── Records supplied

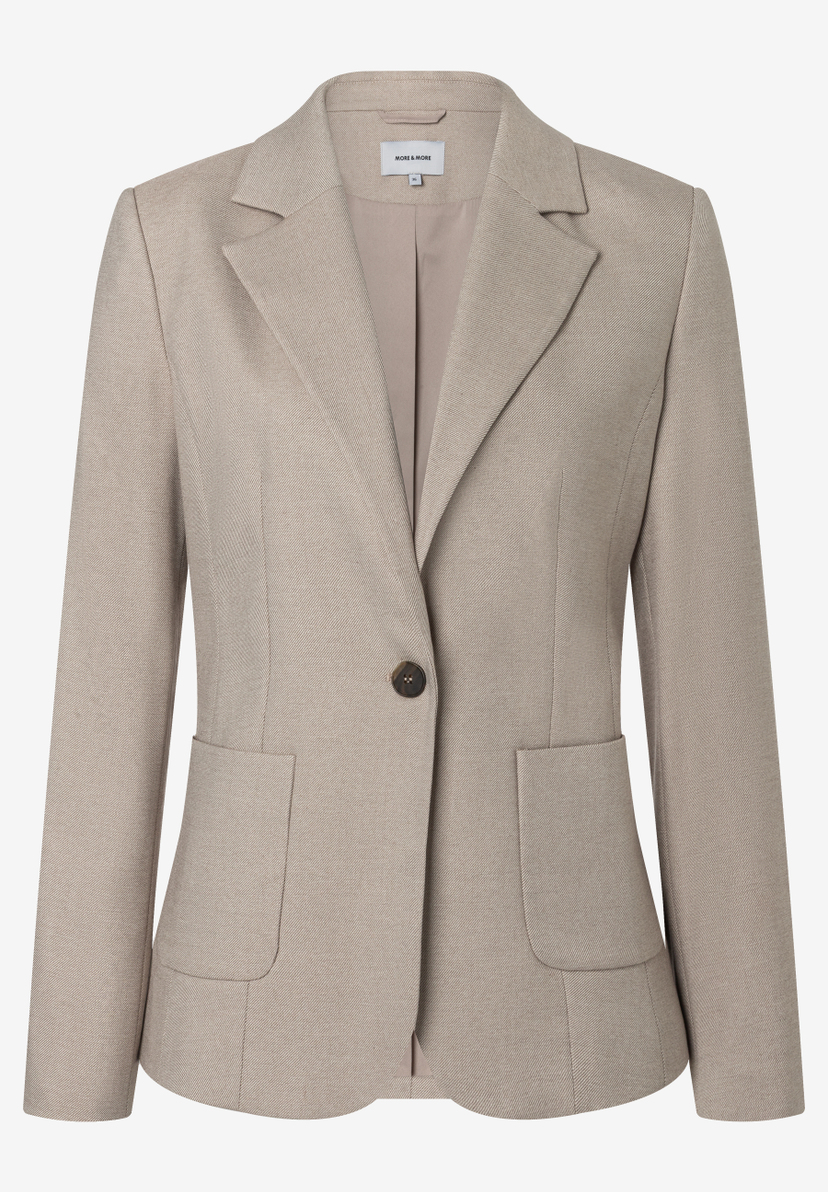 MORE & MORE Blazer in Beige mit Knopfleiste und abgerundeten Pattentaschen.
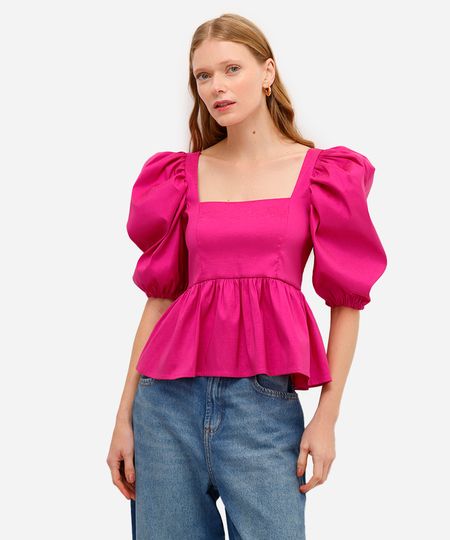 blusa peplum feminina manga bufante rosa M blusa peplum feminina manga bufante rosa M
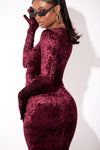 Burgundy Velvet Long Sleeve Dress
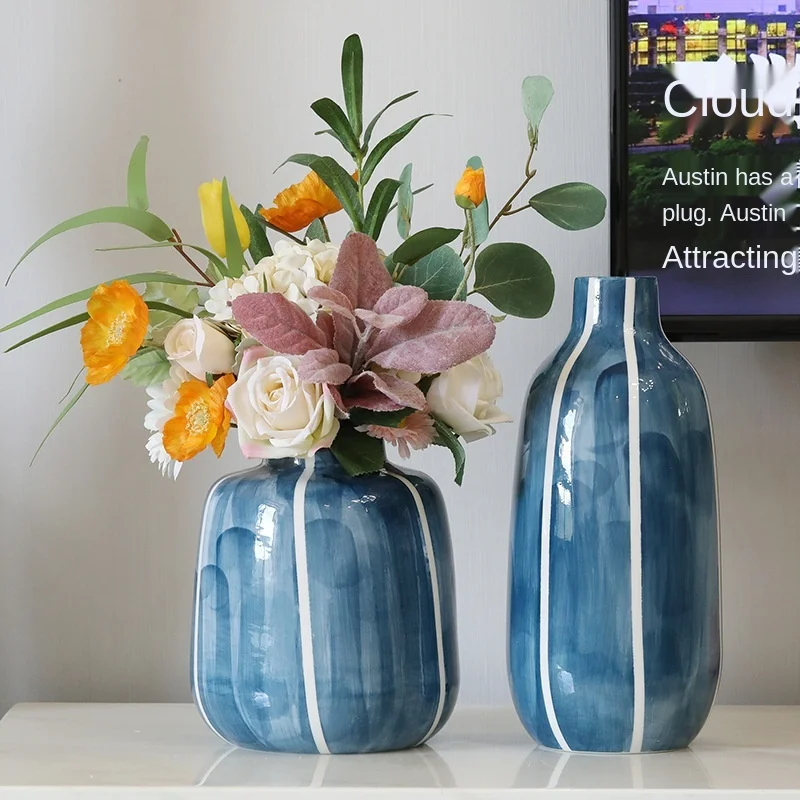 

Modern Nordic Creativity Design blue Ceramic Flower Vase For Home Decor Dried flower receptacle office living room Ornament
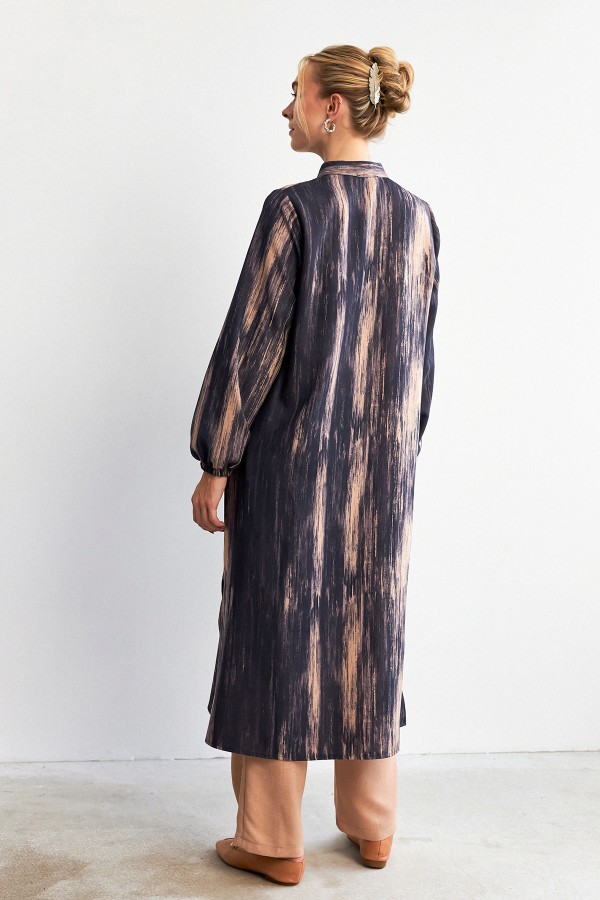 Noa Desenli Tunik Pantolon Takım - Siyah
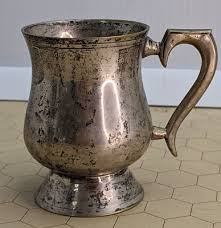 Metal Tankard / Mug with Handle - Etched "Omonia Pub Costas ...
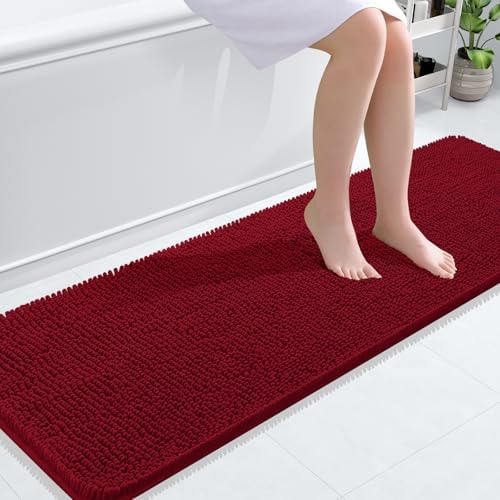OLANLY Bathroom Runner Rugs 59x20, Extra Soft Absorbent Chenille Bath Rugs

────
── Records supplied

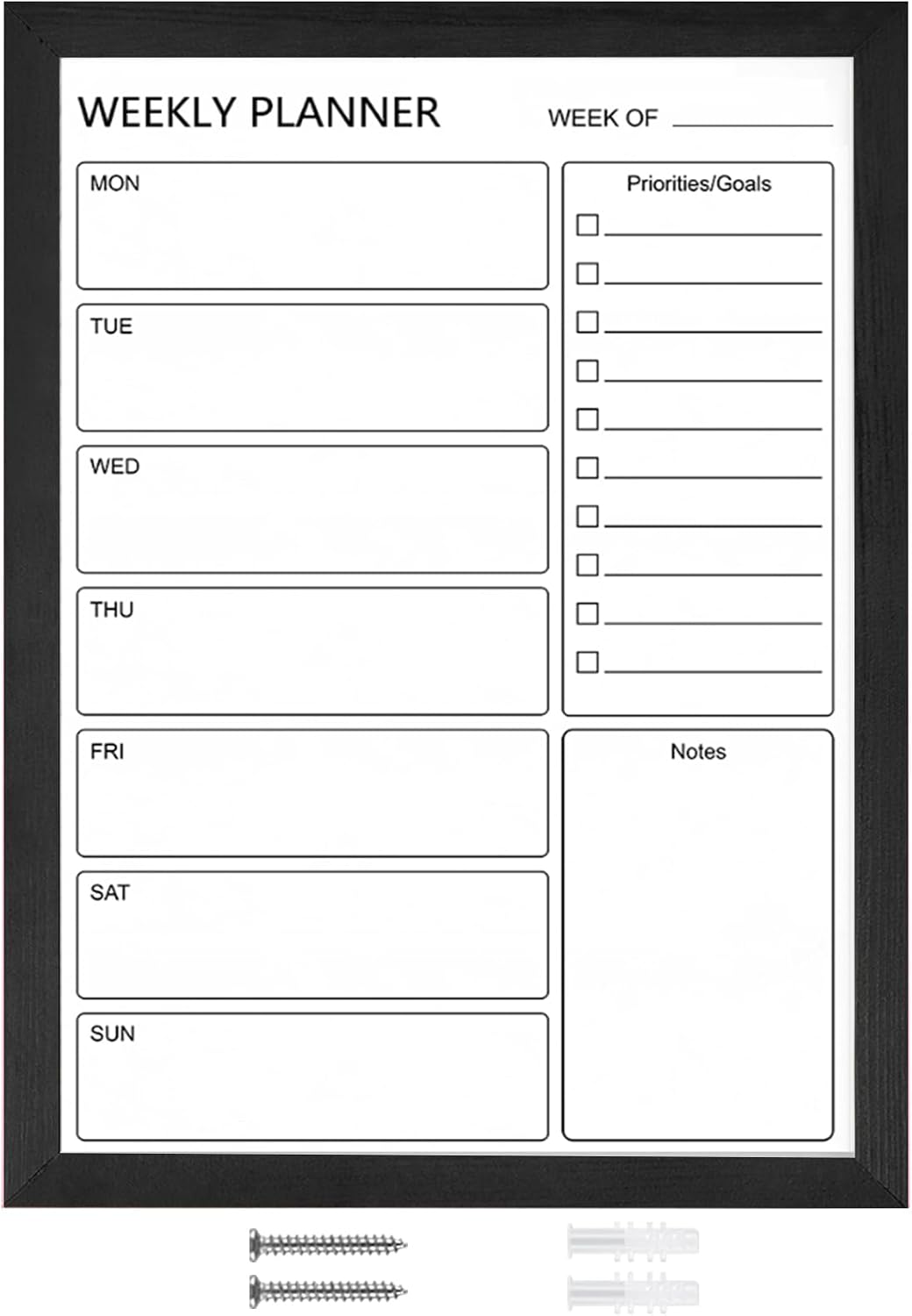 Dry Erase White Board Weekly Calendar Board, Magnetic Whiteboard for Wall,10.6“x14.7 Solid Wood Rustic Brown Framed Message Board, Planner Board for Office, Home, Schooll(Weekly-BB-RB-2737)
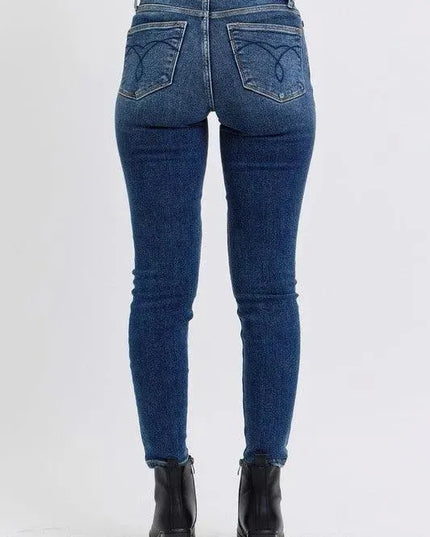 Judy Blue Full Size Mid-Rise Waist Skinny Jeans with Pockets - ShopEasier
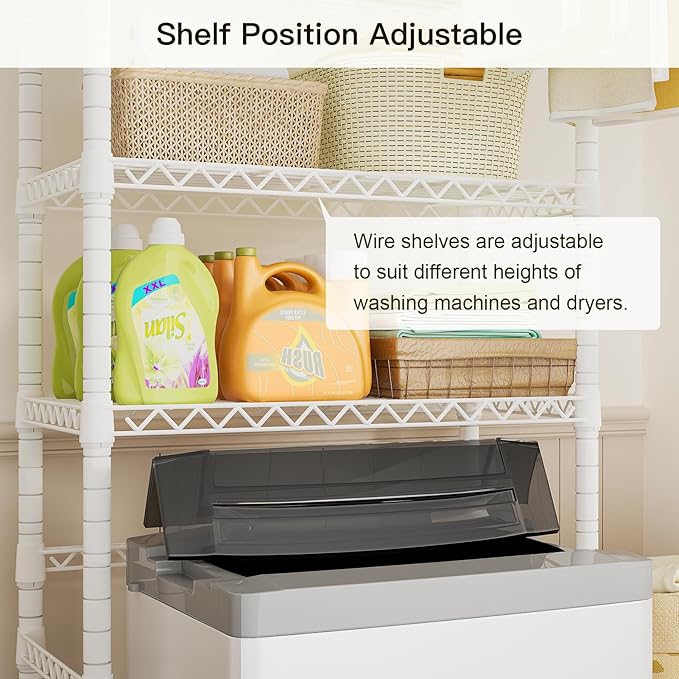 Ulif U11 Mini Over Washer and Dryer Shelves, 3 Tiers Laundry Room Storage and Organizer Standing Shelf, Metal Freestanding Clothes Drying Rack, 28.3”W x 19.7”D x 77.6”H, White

────
── Records supplied

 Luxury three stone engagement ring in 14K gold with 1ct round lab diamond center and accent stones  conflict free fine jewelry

────

[Work task] From the material above, give again exactly the lines from the one that contains "blusa peplum feminina manga bufante rosa M blusa" through the one that contains "OLANLY Bathroom Runner", and leave out the pictures.

[Solution to this problem]
 blusa peplum feminina manga bufante rosa M blusa peplum feminina manga bufante rosa M
 Burgundy Velvet Long Sleeve Dress

Modern Nordic Creativity Design blue Ceramic Flower Vase For Home Decor Dried flower receptacle office living room Ornament
 Noa Desenli Tunik Pantolon Takım - Siyah
 Metal Tankard / Mug with Handle - Etched "Omonia Pub Costas ...
OLANLY Bathroom Runner Rugs 59x20, Extra Soft Absorbent Chenille Bath Rugs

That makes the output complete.